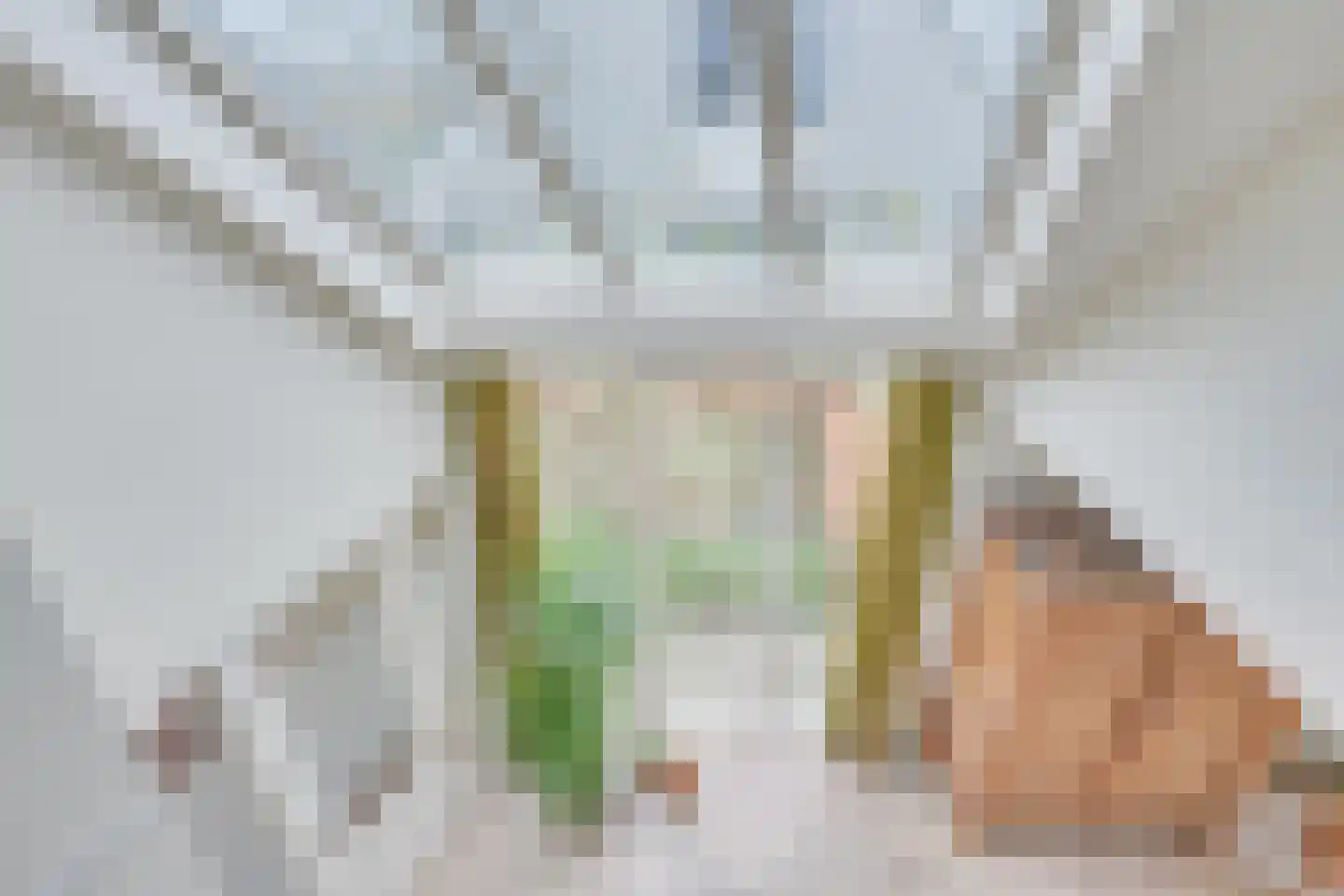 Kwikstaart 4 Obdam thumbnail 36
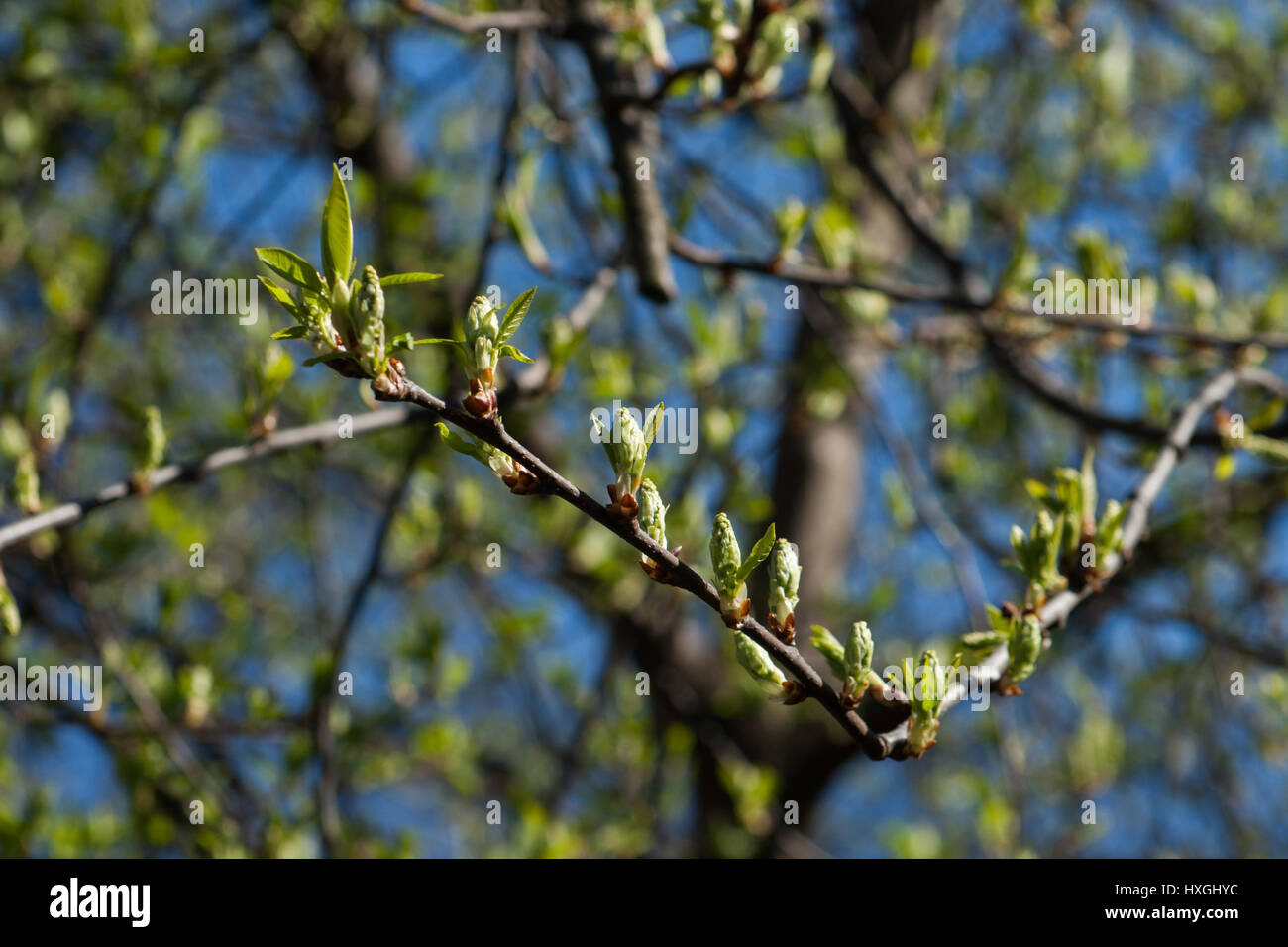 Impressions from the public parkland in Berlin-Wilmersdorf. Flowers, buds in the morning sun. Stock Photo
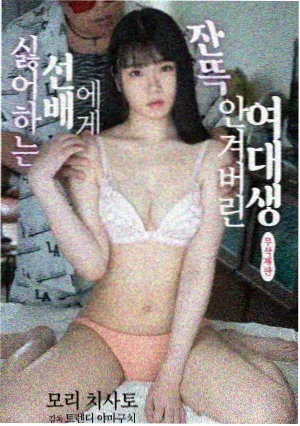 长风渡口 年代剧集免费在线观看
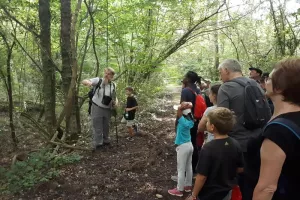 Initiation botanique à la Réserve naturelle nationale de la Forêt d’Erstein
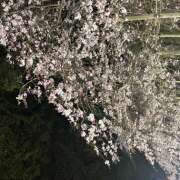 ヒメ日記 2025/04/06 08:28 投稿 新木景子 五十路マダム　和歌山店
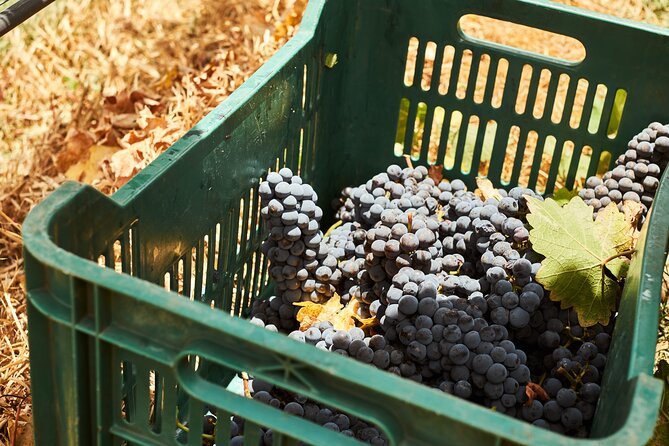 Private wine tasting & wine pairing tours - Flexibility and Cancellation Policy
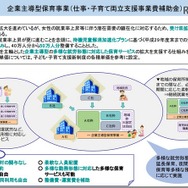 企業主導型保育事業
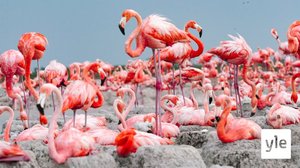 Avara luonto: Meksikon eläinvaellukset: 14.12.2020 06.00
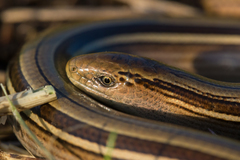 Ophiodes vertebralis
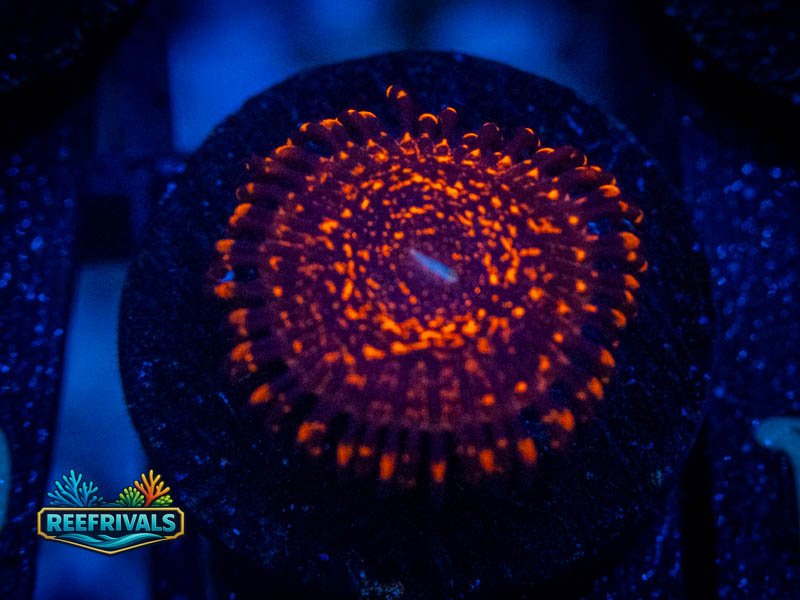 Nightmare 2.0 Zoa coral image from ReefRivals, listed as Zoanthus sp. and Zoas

▸ **Problem to work on**
Starting at the line that holds "Ophiodes vertebralis", copy each line exactly through the end of the listing, both ends included. Leave the pictures out.

▸ **Exercise answer**
 Ophiodes vertebralis
 Nightmare 2.0 Zoa coral image from ReefRivals, listed as Zoanthus sp. and Zoas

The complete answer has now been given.